I was in Boston taking my wife to a Dr appointment. (We live in southern NH about 50 miles north.) After the appointment I checked my iPad for local Bianchi dealers and found one only about 3 miles from our appt which was more like 20 mins driving time:. They had a 2013 Vertigo 105 in stock and a couple of left over 2012 Infinito Ultegras in smaller frame sizes. I have to say the new Vertigo looks really nice. I didn't see any of the frame where the carbon weave was revealed so couldn't compare the quality to an Infinito. The paint looks nice. The LBS was fairly new to the Bianchi line and didn't seem to know much about the bike. They offered to let me test ride it but wasn't really comfortable riding around in down town Boston on a test bike. I have no problem driving in town but did not know the area well. And my wife was being kind to indulge my hobby and didn't want to take advantage of her time. I am excited for my LBS to get in his 2013 order so I can do some nice back to back comparisons on the Vertigo and Infinito and probably the Impulso as well. Here are some photos. Sorry for the bad quality.
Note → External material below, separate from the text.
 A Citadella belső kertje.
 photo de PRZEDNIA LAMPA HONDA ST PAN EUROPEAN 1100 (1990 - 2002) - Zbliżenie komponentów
I took just a couple of pictures with my iPhone but didn't really plan it too well with the background.


----------



## Tspeters

And another 
View attachment 268189


----------



## sculpin

I'm also torn between the two bikes/frames, and can't decide.
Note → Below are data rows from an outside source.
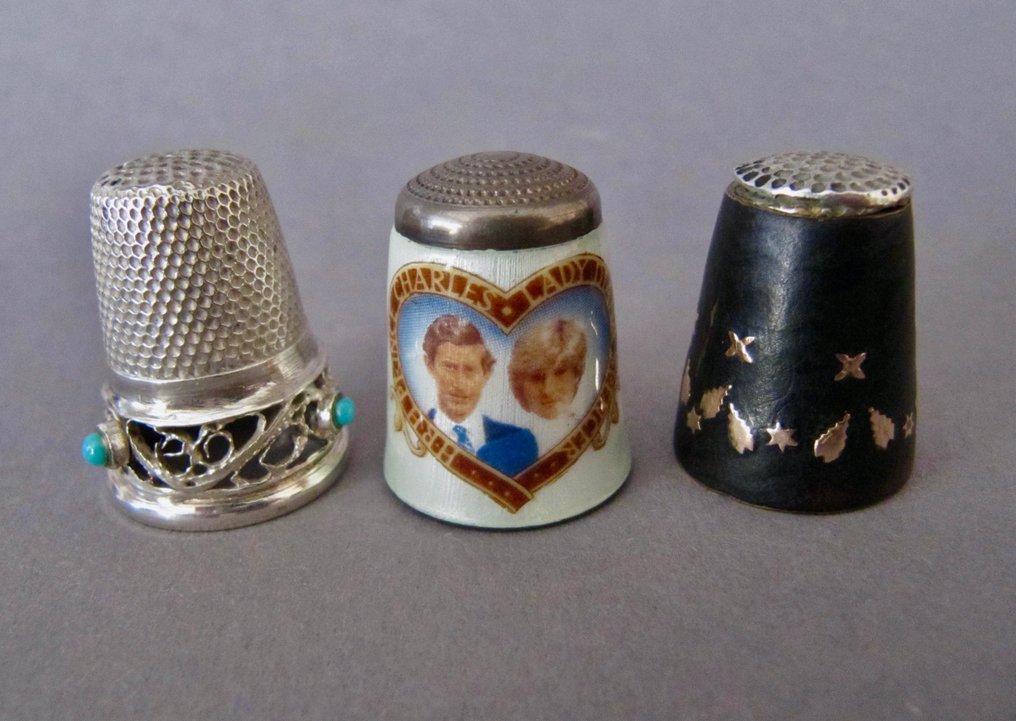 Assorted Silver Thimbles from Around the World Fingerhut (14) Catawiki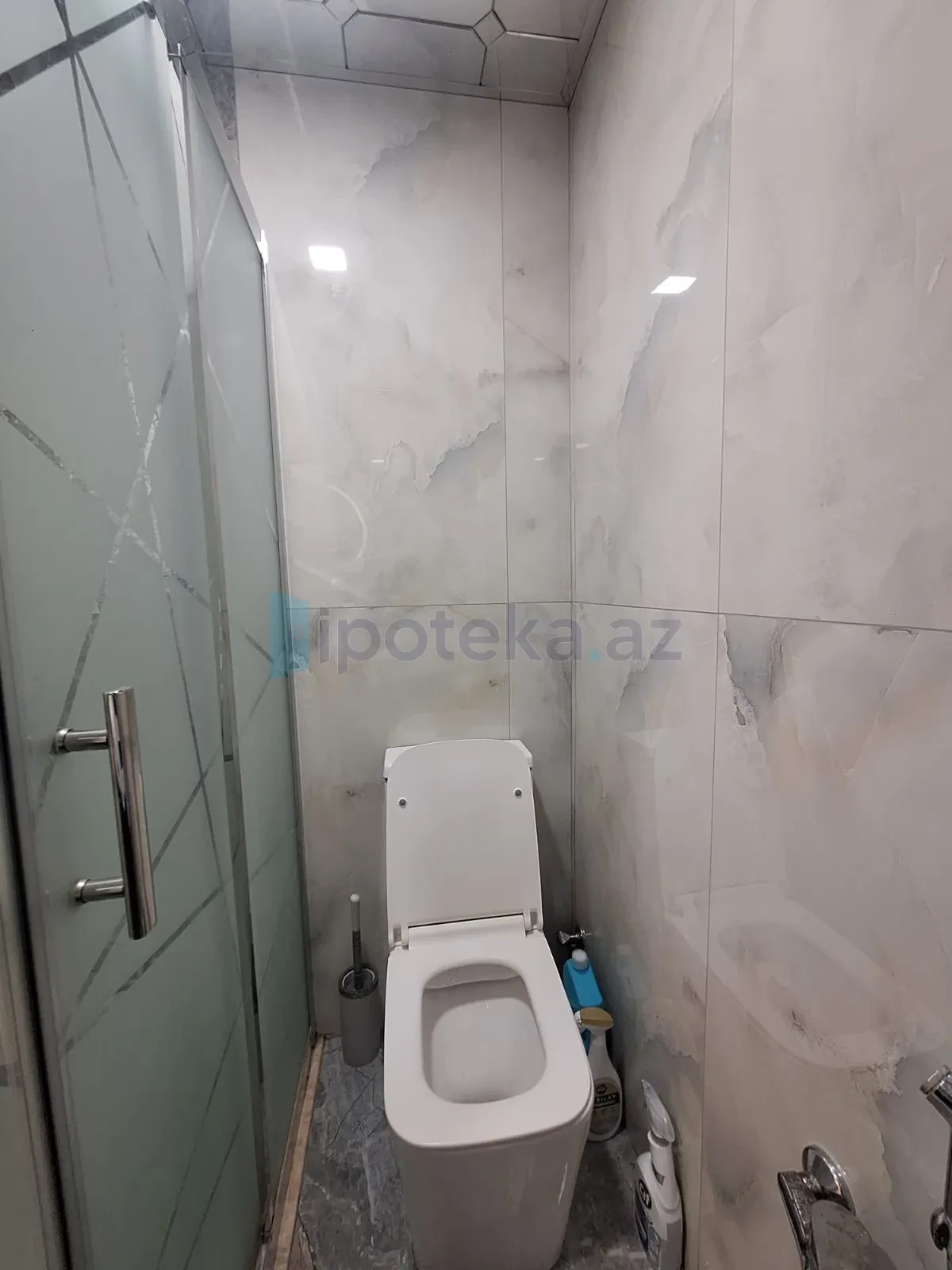 Satılır 3 otaqlı köhnə tikili 80 m²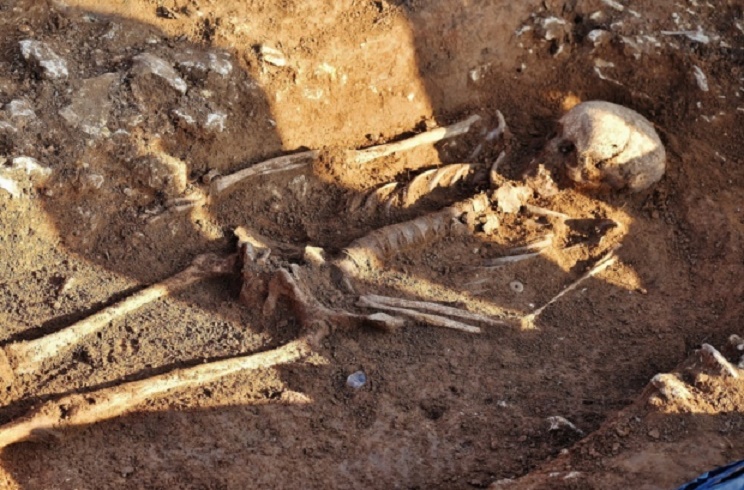 Metal detectorist finds 1400-year-old Saxon grave Metal detectorist finds 1400-year-old Saxon grave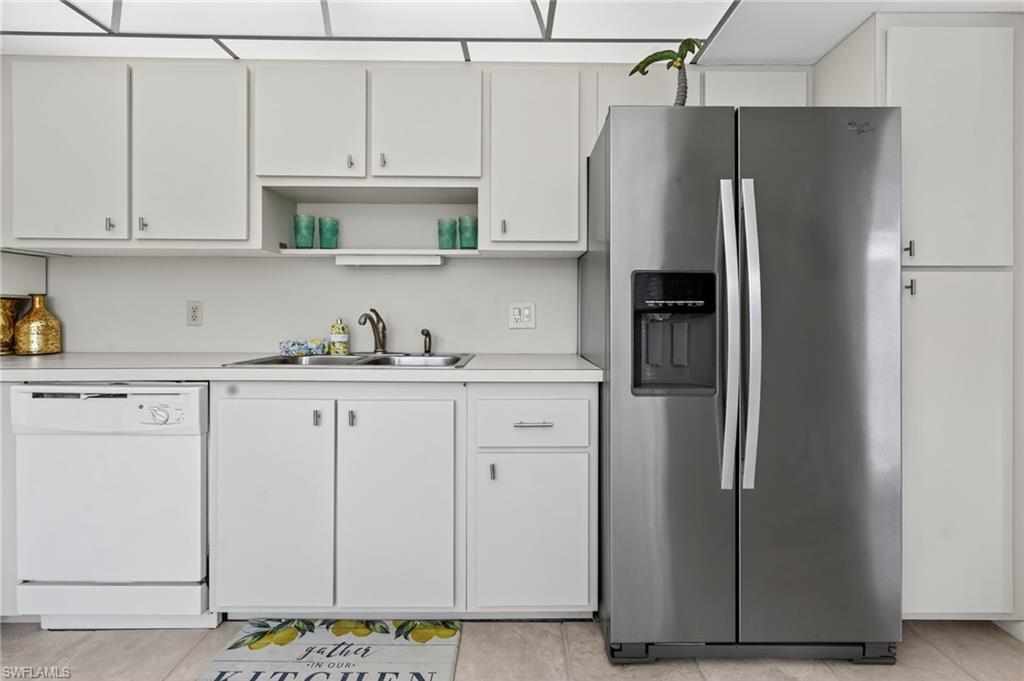 GLADES COUNTRY CLUB - Residential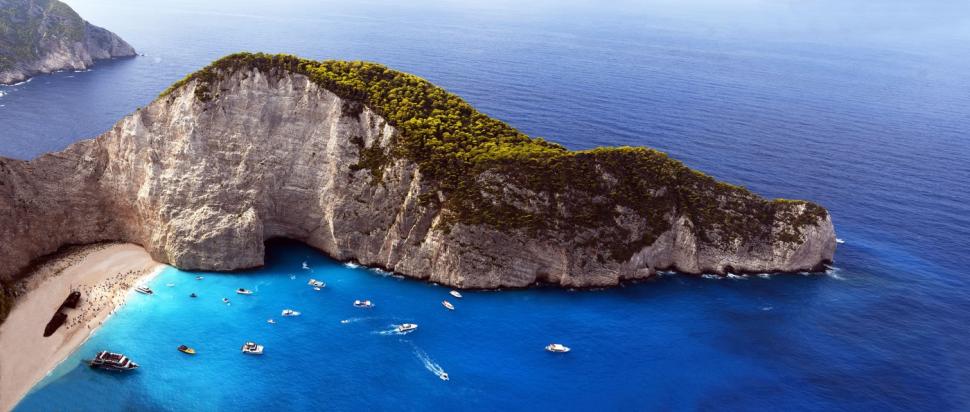 Cea mai fotografiată plajă din Grecia va fi închisă în 2026. Navagio va fi extinsă cu 30 de metri pentru a salva celebra epavă 1084440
I have to presume that the Infinito frame is far 'better' (whatever that means in the real world) than the Vertigo frame, given that the Infinito frame price alone is higher than the price of a complete Vertigo, but I can't find any information at all about what constitutes the difference, just that they are both in the C2C line, and are both CF.

Anyone have any information about the difference between the framesets, without regard for the wheels and components?

Thanks!


----------



## Tspeters

The few things I could discern between the two were; (someone please interject if I'm wrong) :the fork on the Vertigo is Aluminum/carbon vs full carbon Infinito, the Infinito use Kevlar inserts on the seat stays and front fork to help absorb vibration, ( BAT and K-VID) not used on the Vertigo. I was told by an LBS that Bianchi uses a slightly less expensive carbon process which allows the Vertigo to be just a little heavier . Though I can't confirm that and have not weighed the two. I did feel the two bikes weight by lifting an Infinito and Vertigo. Unscientific but the Vertigo felt a little heavier . Might have been just me . The components could have made a difference. The Infinito had Ultegra vs the Vertigo's Shimano 105. Some mentioned a difference in the quality of the paint but I thought the Vertigo looked really good in person and would not use that as a deal breaker. There is only a $800 difference in the the two base models. The components alone could make up a lion share of the difference. Brakes, seat post (AL vs CF) grips, handle bar, headset, stem etc. I bought the Infinito because the $800 was not too big a leap for me and also because my LBS said that Bianchi was behind in production. In December he was told the Vertigo's would not even go into production until Jan or later and that Bianchi would only fill prepaid orders first, then the dealers would get the their orders if any left. So I just ordered the Infinito which was already produced and received it a couple of weeks later. (Just after Christmas ) I didn't want to wait until Apr or May for a Vertigo and find out they didn't have my size. I don't think you can go wrong with the Vertigo. It's a bargain! I'm just too impatient to wait .


----------



## sculpin

Thanks, Tspeters! Exactly what I was looking for.


----------



## Flying Foot Doc

Hello al, new to this forum & would like to add a few comments on the Infinito. Can't speak about the Vertigo, though. I have had my Infinito 105 for about 3 years and 4000+ miles. I am 65, so not ridding at all for racing speed, but have completed some bucket list items with it: 1000 m/yr, 1st Century before I was 65 and my age in miles every year. I had to choose between the 105 and the Campy version for budget rationalization and stayed w/ the 105 as my 1st every new road bike. My thinking was buy a good frame and upgrade as I could (afford it & convince myself I needed it). So far the changes have been better wheels - a big difference; Carbon handle bars - Bontrager Race xxx IsoZone handle bars - has taken almost all of the road numbness out of my hands, tried 4 different seats - personal preference only, and the crank set, my FSA started to oxidize due to the salt air down here. It is a lively ride, more than I could have imagined, always able to do more than I am capable of making it do. The story line in my home is that it is my mistress and she lives up to her name, always asking for infinitely more of my time, energy and ways to spend my money...but my wife knows who she is... Andy


----------